**About this exercise:** Pictures aside, write out the data exactly as it reads.

Scraped caption text data:

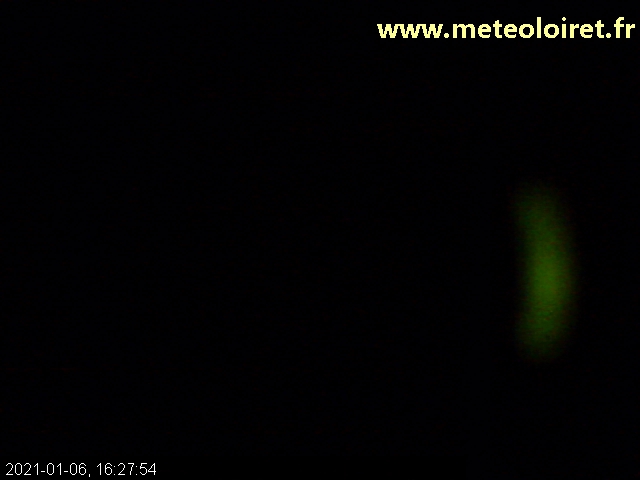 MeteoLoiret's tweet photo. Bonjour Loiretains. Prévision météo pour le Loiret 7/1 - Ciel couvert toute la journée. Max : 4°C Min : -1°C https://t.co/P1YQEh1W70 https://t.co/D4YmPKgwkv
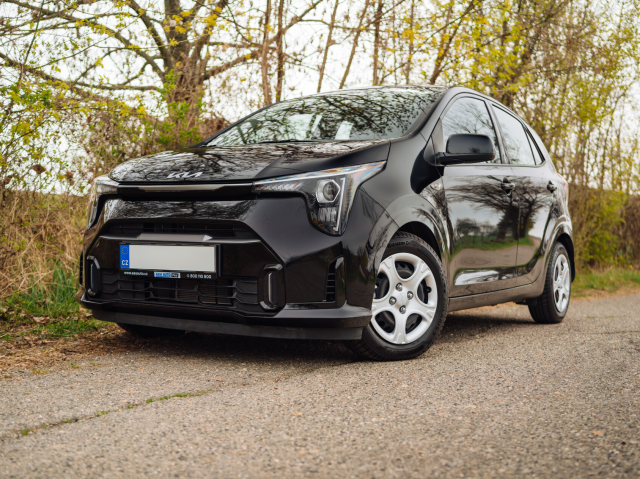Kia Picanto 2025
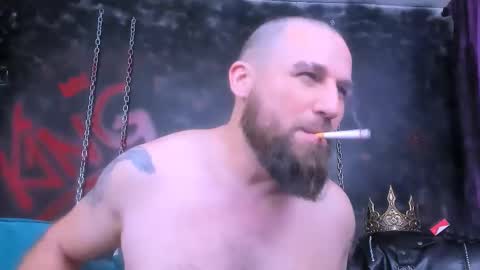 Armando online show from 23, 10, 2025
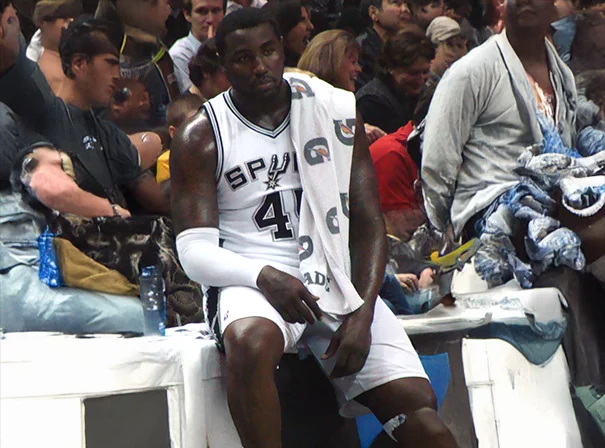 Dejuan Blair
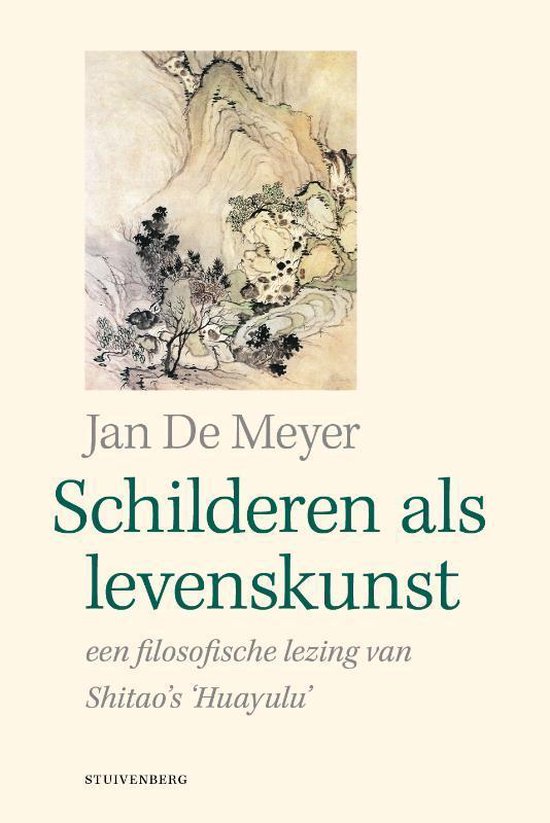 Schilderen als levenskunst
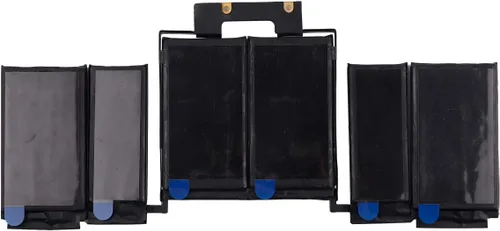 Vista 2 de Batería A1964 compatible con MacBook Pro 13 A1989 2018 Año EMC3214 A1990 020-0249 con herramientas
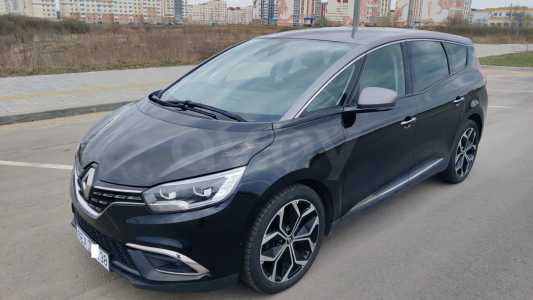 Renault Grand Scenic IV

**Answer below:**
 MeteoLoiret's tweet photo. Bonjour Loiretains. Prévision météo pour le Loiret 7/1 - Ciel couvert toute la journée. Max : 4°C Min : -1°C https://t.co/P1YQEh1W70 https://t.co/D4YmPKgwkv
Kia Picanto 2025
 Armando online show from 23, 10, 2025
 Dejuan Blair
 Schilderen als levenskunst
 Vista 2 de Batería A1964 compatible con MacBook Pro 13 A1989 2018 Año EMC3214 A1990 020-0249 con herramientas
 Renault Grand Scenic IV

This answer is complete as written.